• WORK TASK
Please output all the entries word for word, without the pictures.

== MATERIAL SHOWN ==

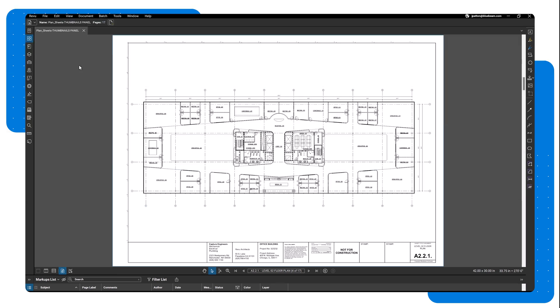When working with multi-page documents, the Thumbnails panel provides quick access to various PDF manipulation and management tools that can simplify your tasks. Let's explore some features of the Thumbnails panel that help you work more efficiently.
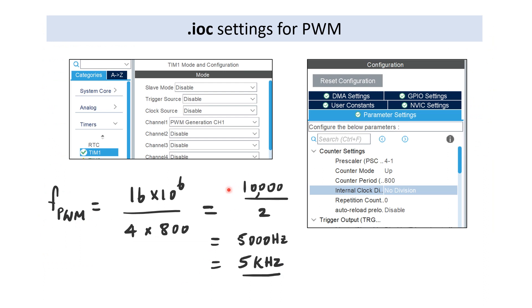With the settings we configured for Timer 1 — a prescaler of 4 and a counter period of 800 — and a default clock of 16 MHz, we are going to get a PWM frequency of 5 kHz.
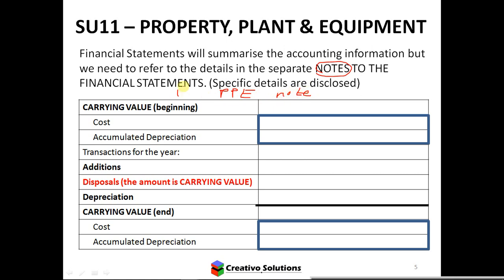This is the PPE notes — this could be called note number one. It's just a measure of how many assets we've got in the business. If I'm looking at carrying value, how do we calculate it? It's the difference between your cost and your accumulated depreciation.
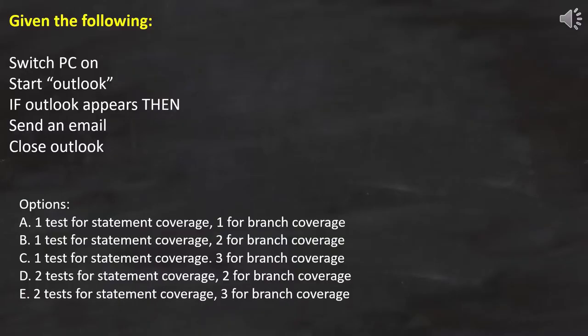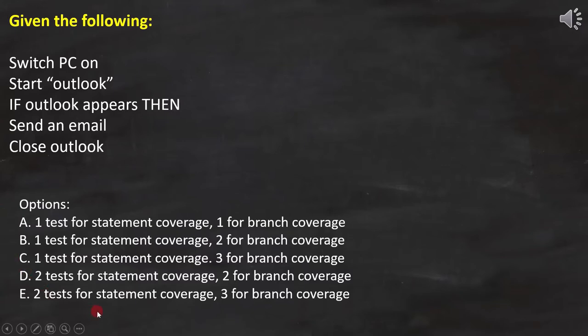In this question, the piece of code is provided, and then these options are provided. Here we need to find out how many test cases are required to cover statement coverage and branch coverage.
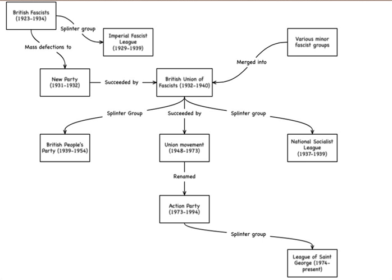The patronage of Lord Tavistock, who succeeded to the Dukedom of Bedford in 1940, ensured that the BPP was exempted from proscription.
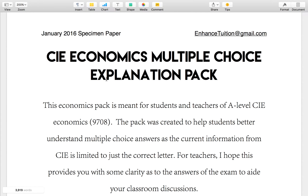Hi students and teachers of CIE Economics. I've designed a document full of explanations for Specimen Multiple Choice Paper 1 on the CIE website. After teaching CIE Economics, I found that the mark schemes for multiple choice papers often leave students wondering why certain choices are correct and incorrect. I worked on addressing that problem by creating this document. I'd like to show you a sample of what you can expect in this pack.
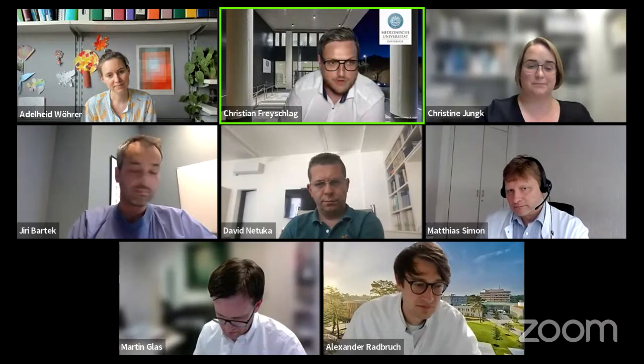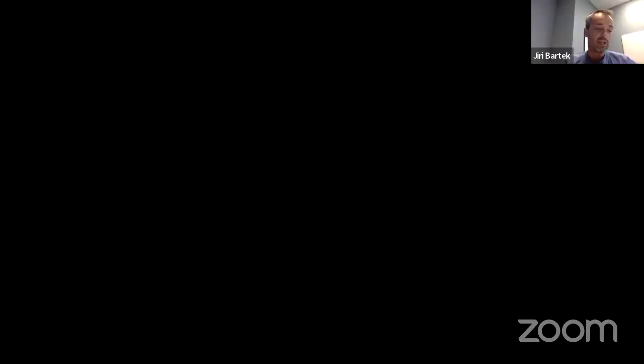Thank you for both talks and the discussion. I'd like to hand over moderation to Jiri to continue with the surgical part. My name is Jiri Bartek. I work at Karolinska University Hospital in Stockholm, Sweden. It's a pleasure to moderate the next session. We have three interesting talks: Christine on surgical indications and strategies for low-grade glioma, Rachel on high-grade glioma, and David on the technologies we as neurosurgeons like to use. Please welcome Christine Jung from Heidelberg.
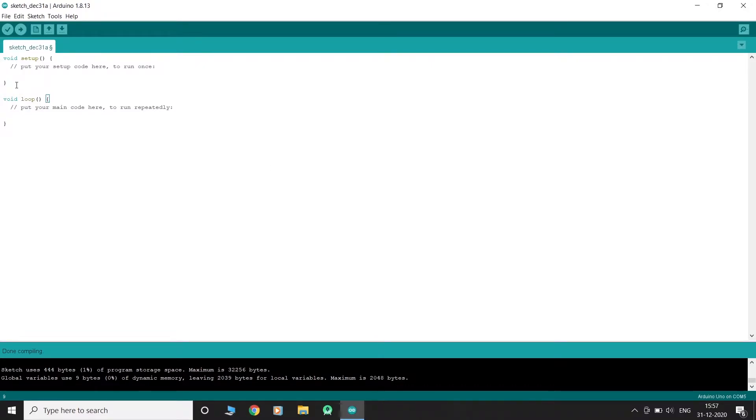The setup method is run once, just after the Arduino is powered up. The setup method is where you want to do any initialization steps.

===

• EXERCISE SOLUTION
When working with multi-page documents, the Thumbnails panel provides quick access to various PDF manipulation and management tools that can simplify your tasks. Let's explore some features of the Thumbnails panel that help you work more efficiently.
With the settings we configured for Timer 1 — a prescaler of 4 and a counter period of 800 — and a default clock of 16 MHz, we are going to get a PWM frequency of 5 kHz.
This is the PPE notes — this could be called note number one. It's just a measure of how many assets we've got in the business. If I'm looking at carrying value, how do we calculate it? It's the difference between your cost and your accumulated depreciation.
In this question, the piece of code is provided, and then these options are provided. Here we need to find out how many test cases are required to cover statement coverage and branch coverage.
The patronage of Lord Tavistock, who succeeded to the Dukedom of Bedford in 1940, ensured that the BPP was exempted from proscription.
Hi students and teachers of CIE Economics. I've designed a document full of explanations for Specimen Multiple Choice Paper 1 on the CIE website. After teaching CIE Economics, I found that the mark schemes for multiple choice papers often leave students wondering why certain choices are correct and incorrect. I worked on addressing that problem by creating this document. I'd like to show you a sample of what you can expect in this pack.
Thank you for both talks and the discussion. I'd like to hand over moderation to Jiri to continue with the surgical part. My name is Jiri Bartek. I work at Karolinska University Hospital in Stockholm, Sweden. It's a pleasure to moderate the next session. We have three interesting talks: Christine on surgical indications and strategies for low-grade glioma, Rachel on high-grade glioma, and David on the technologies we as neurosurgeons like to use. Please welcome Christine Jung from Heidelberg.
The setup method is run once, just after the Arduino is powered up. The setup method is where you want to do any initialization steps.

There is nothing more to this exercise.